# Area of the region inside the unit circle

## Homework Statement

The area in the region inside the unit circle and above the graph of f(x) = x^5

## Homework Equations

I don't know how to type the equation in here but the area is the integral between two integration points of the higher curve minus the lower curve.

## The Attempt at a Solution

I tried using the integration points 0 and 2.02381 (the farthest the graph will stretch out according to derive), but that's the area outside and under the curve, i think the question is asking for the area INSIDE the curve.
As far as I know you can't do it with respect to y because it's infinite.

Thanks.

## Answers and Replies

I'm not sure why you'd be using those integration points. For a unit circle, what is the largest possible value of x and/or y? Or, maybe think about the equation for a unit circle. Where does f(x) cross the unit circle?
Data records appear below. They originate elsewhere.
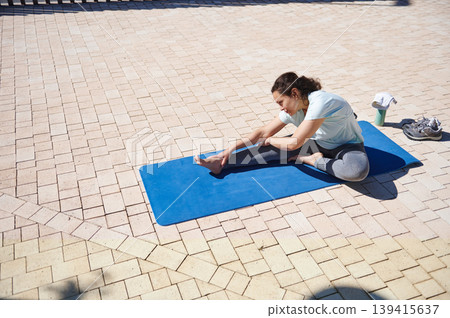 Woman Stretching On Yoga Mat Outdoors On Sunny Paved Plaza Before Workout Woman Stretching On Yoga Mat Outdoors On Sunny Paved Plaza Before Workout 139415637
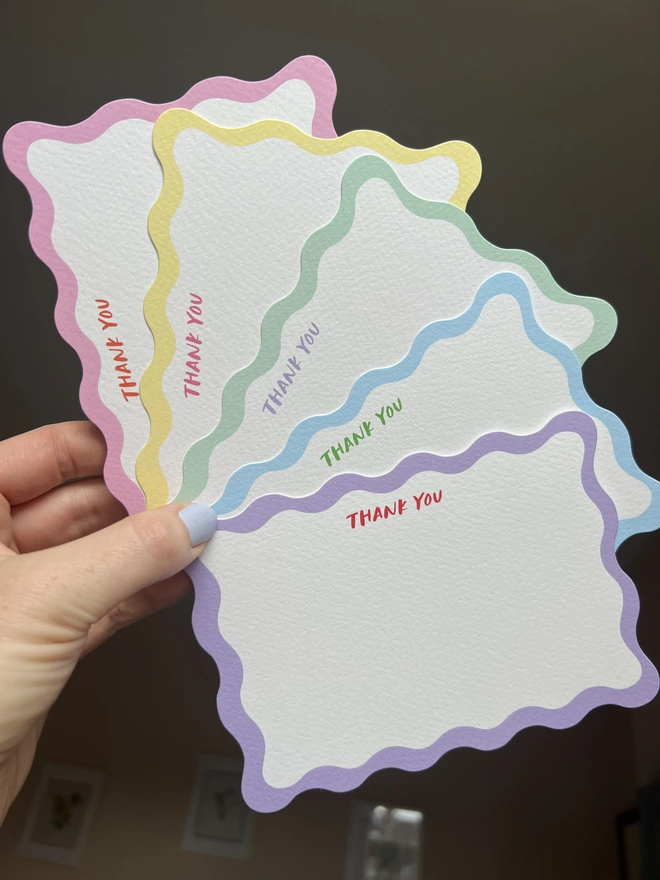 Five wavy edged notecards with different coloured borders and the words Thank You written in capital letters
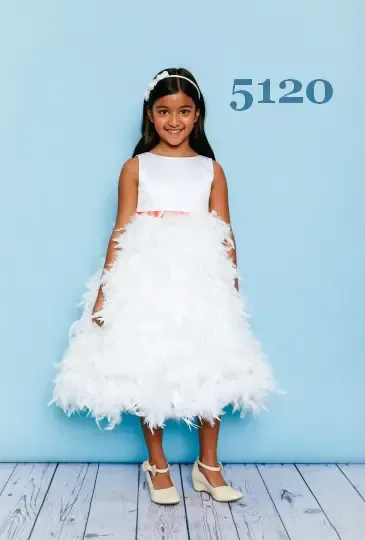 Woman in a dark, sparkling off-shoulder dress, posing by a window with a light, open-air background.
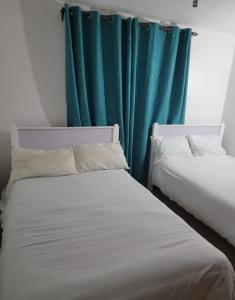 2 Betten in einem Zimmer mit grünem Vorhang in der Unterkunft Jbl homes in Ruaka
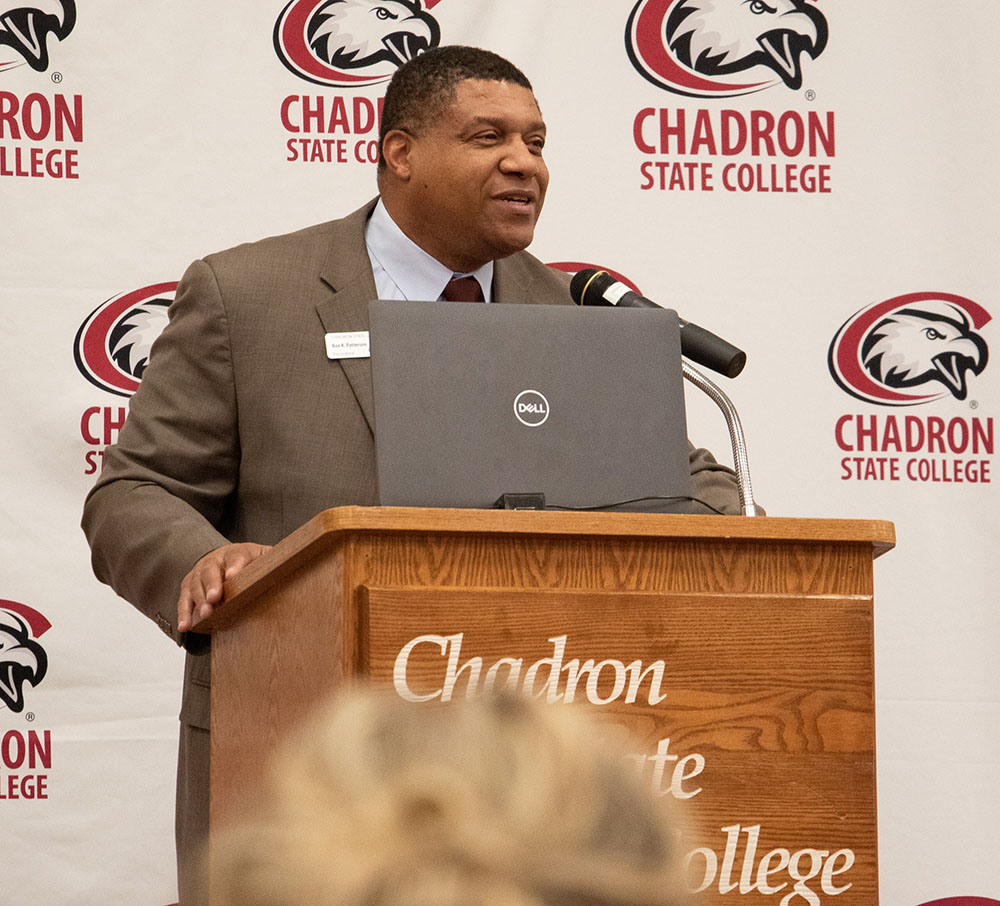 Adult male speaking at a podium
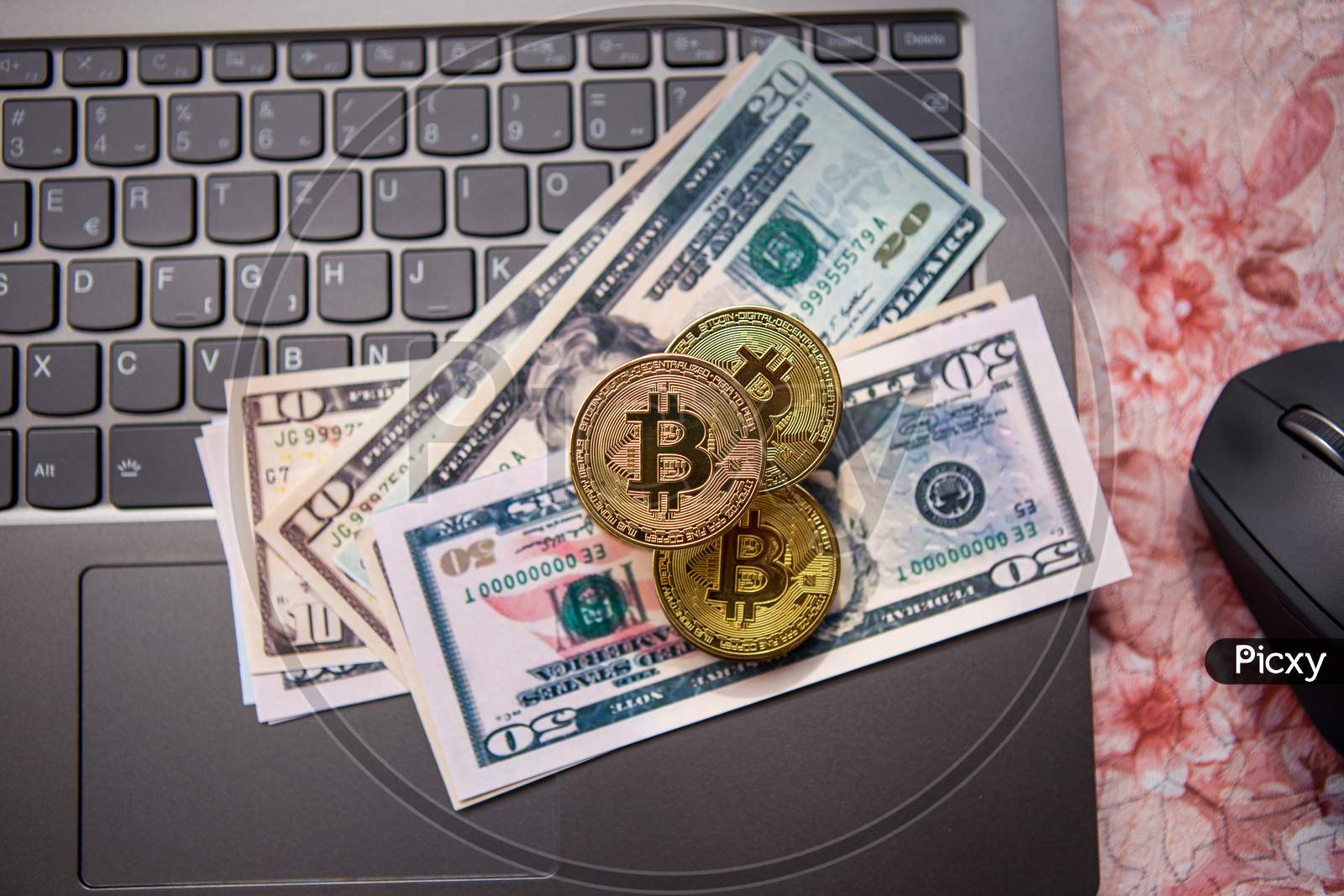 Bitcoin Gold Coins And Several Us Dollar Bills Are On A Laptop Keyboard.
(1,1)? So it'll be from 0 to 1 correct?

If we were to do it that way, the point of intersection would be 1 and i'm guessing the radius will be on top of the curve?
So it'll be... SQRT(1-x^2) - (x^5)?

Mark44
Mentor
(1, 1) is not a point on the circle.

Finding the points of intersection entails solving the equation sqrt(1 - x^2) = x^5. If you square both sides, you get a 10th degree equation that has no easy-to-get solutions.